▸ **Activity**:
Starting at the first line of the entries below, restate each line exactly until you reach the line with "Afiador de Corrente", and print that one too. Leave the pictures out and stop there.

* * * *

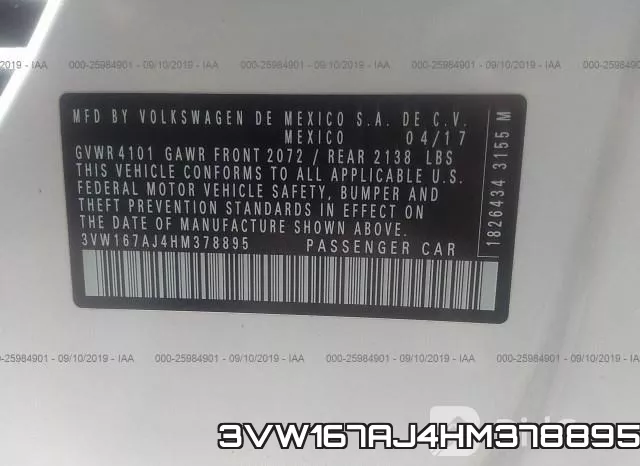 3VW167AJ4HM378895 фото 8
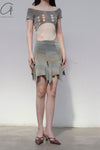 RUI segment dyeing lit low -waist short skirt RSS23KN05 dawn yellow and blue gradient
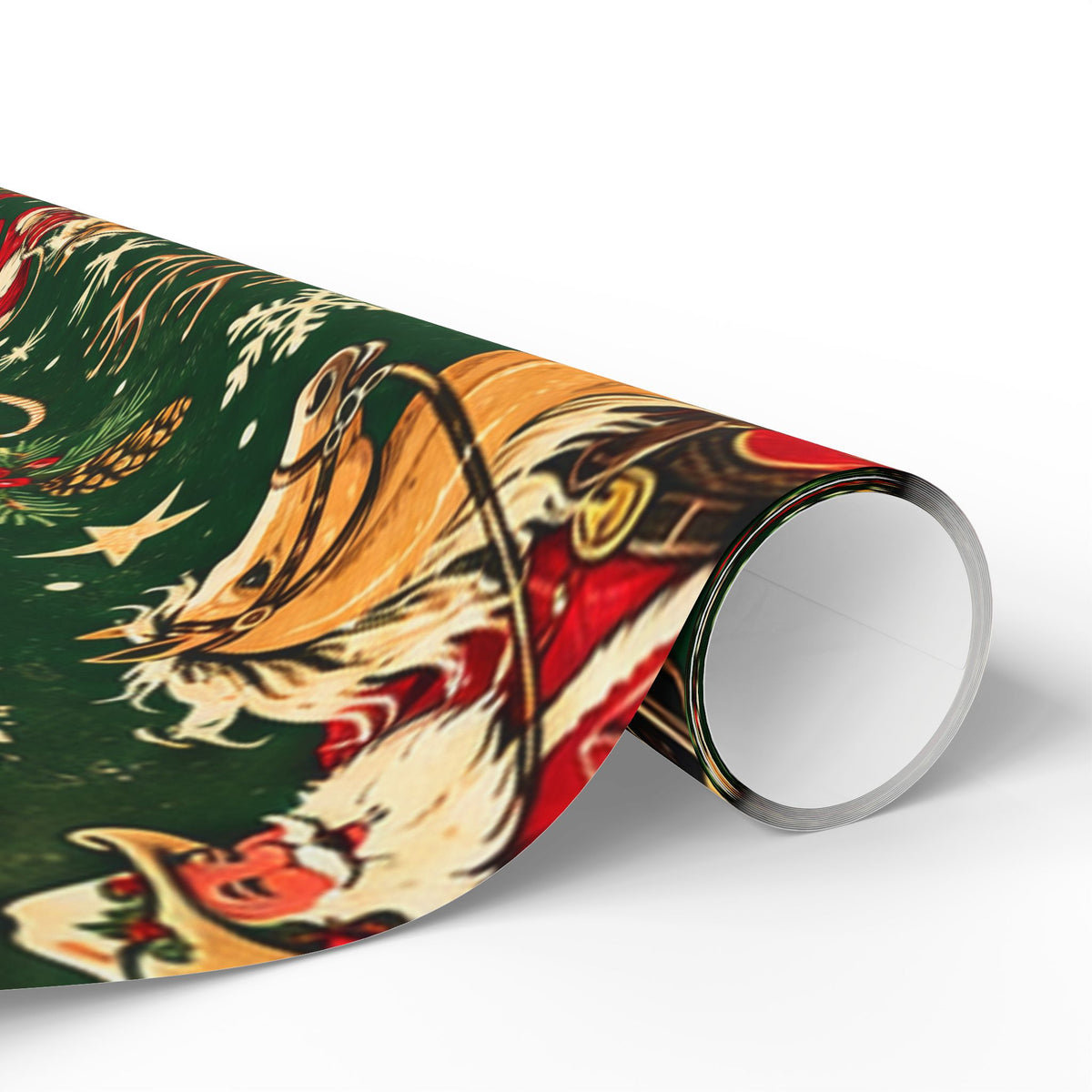 Santa’s Reindeer Roundup Western Christmas Wrapping Paper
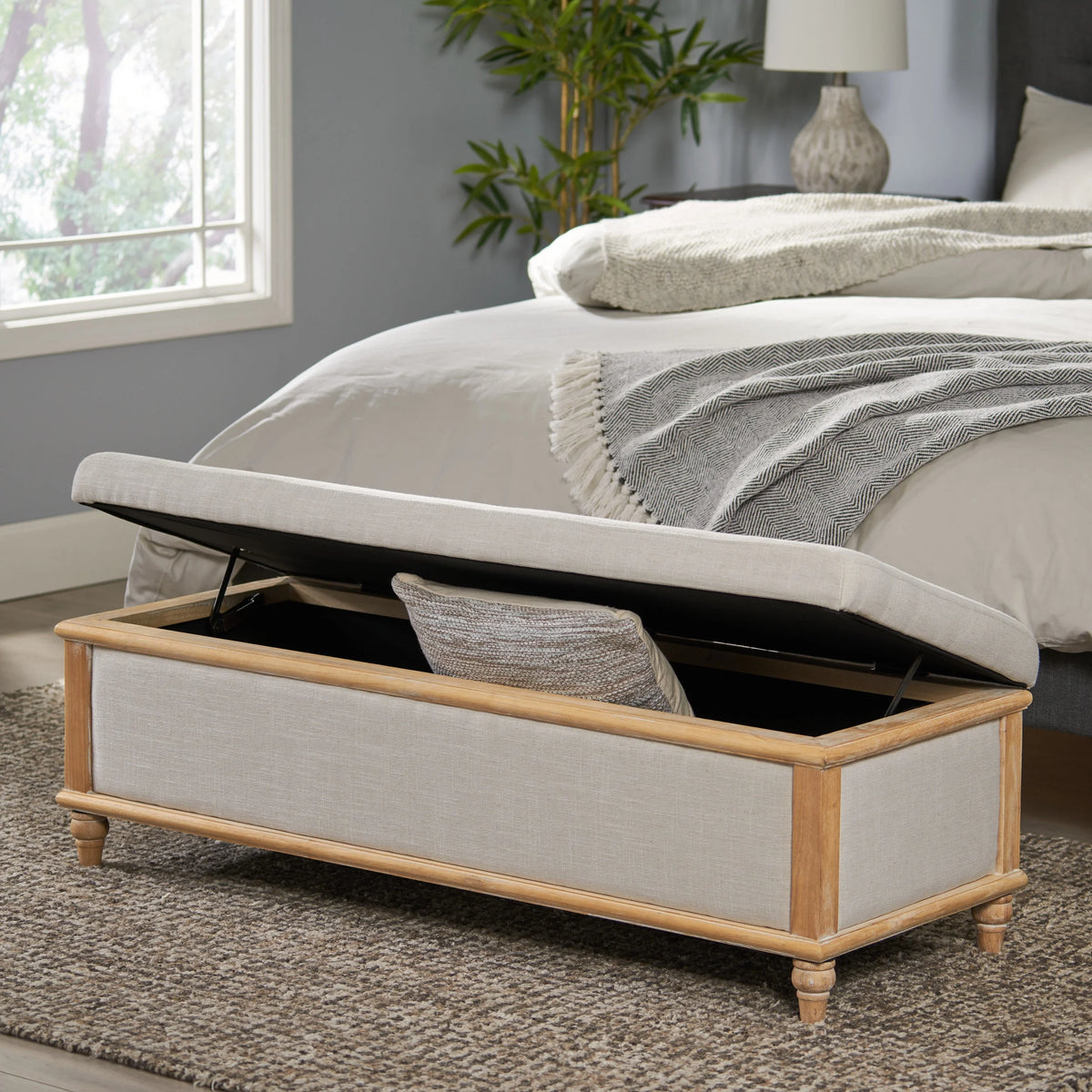 Noble House Hampton Contemporary Fabric Upholstered Storage Ottoman, White and Blue Floral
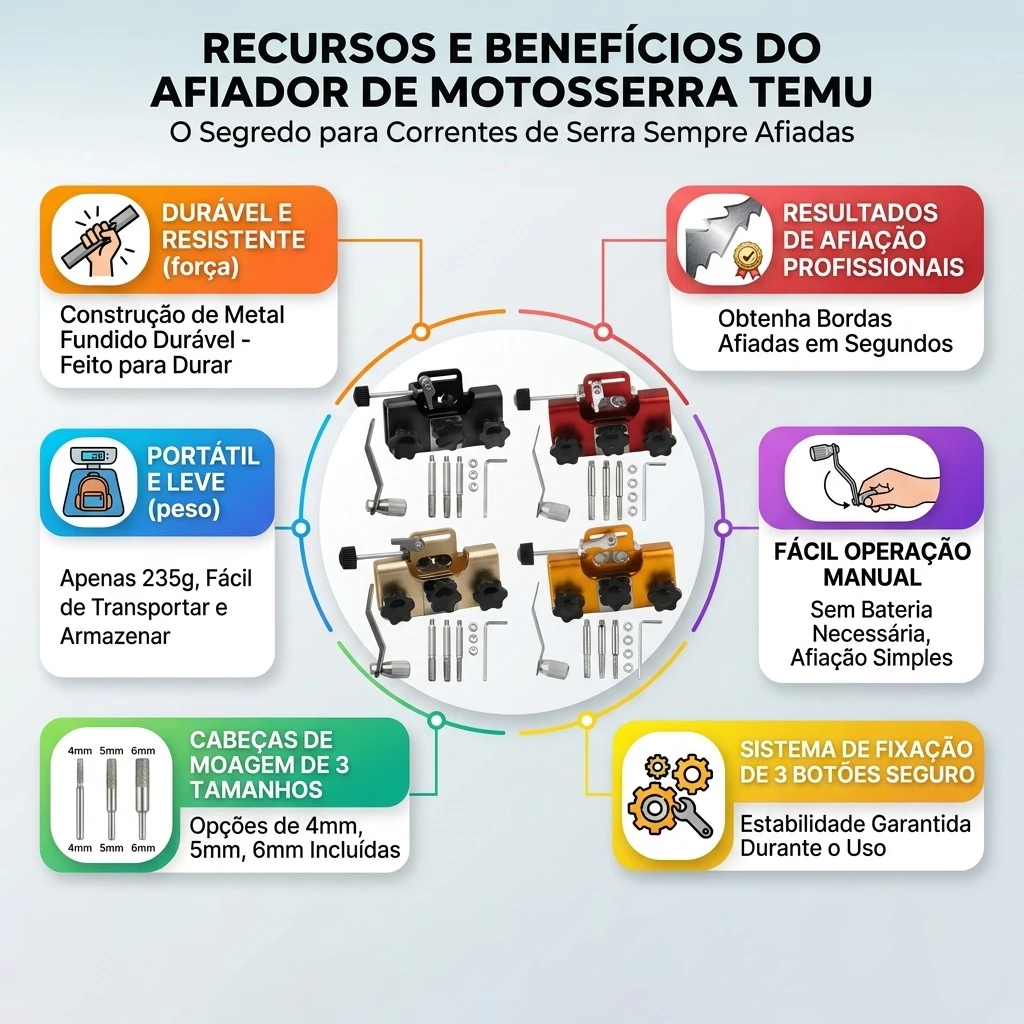 Afiador de Corrente Manual para Motosserra, Lima, Cabeça de Afiação Portátil - Deixe sua Corrente Afiada - Imagem 2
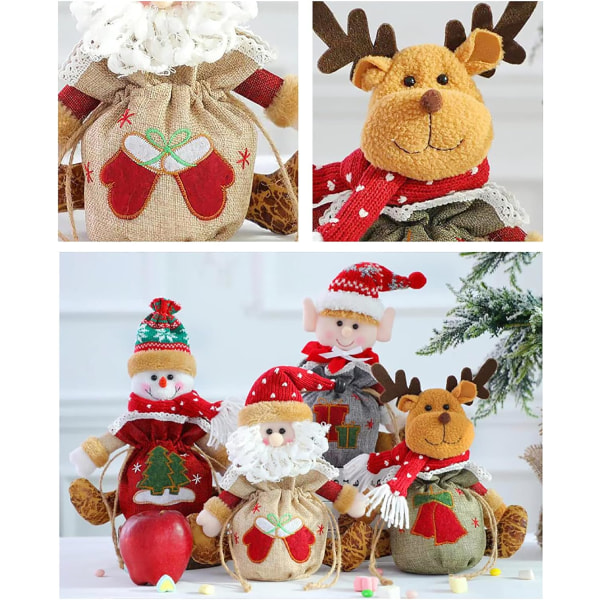 Juldockor Presentpåse Godispåse Juldekorpåsar Tecknade godispåsar Xmas Goody Pouch Kreativ Snowman Apple elk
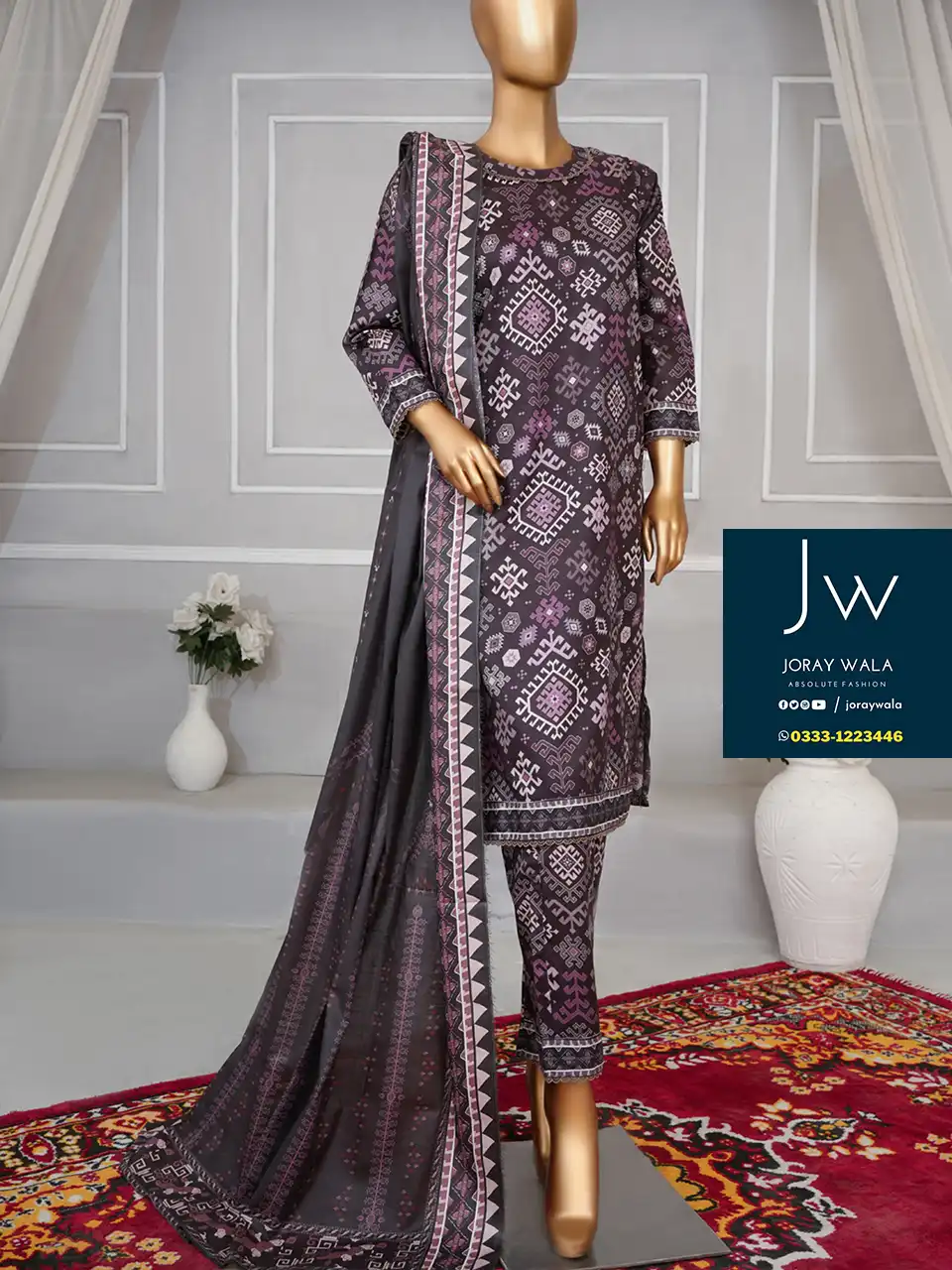 winter collection cambric suit D6 2024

* * * *

▸ **Written reply**:
 3VW167AJ4HM378895 фото 8
 RUI segment dyeing lit low -waist short skirt RSS23KN05 dawn yellow and blue gradient
 Santa’s Reindeer Roundup Western Christmas Wrapping Paper
 Noble House Hampton Contemporary Fabric Upholstered Storage Ottoman, White and Blue Floral
 Afiador de Corrente Manual para Motosserra, Lima, Cabeça de Afiação Portátil - Deixe sua Corrente Afiada - Imagem 2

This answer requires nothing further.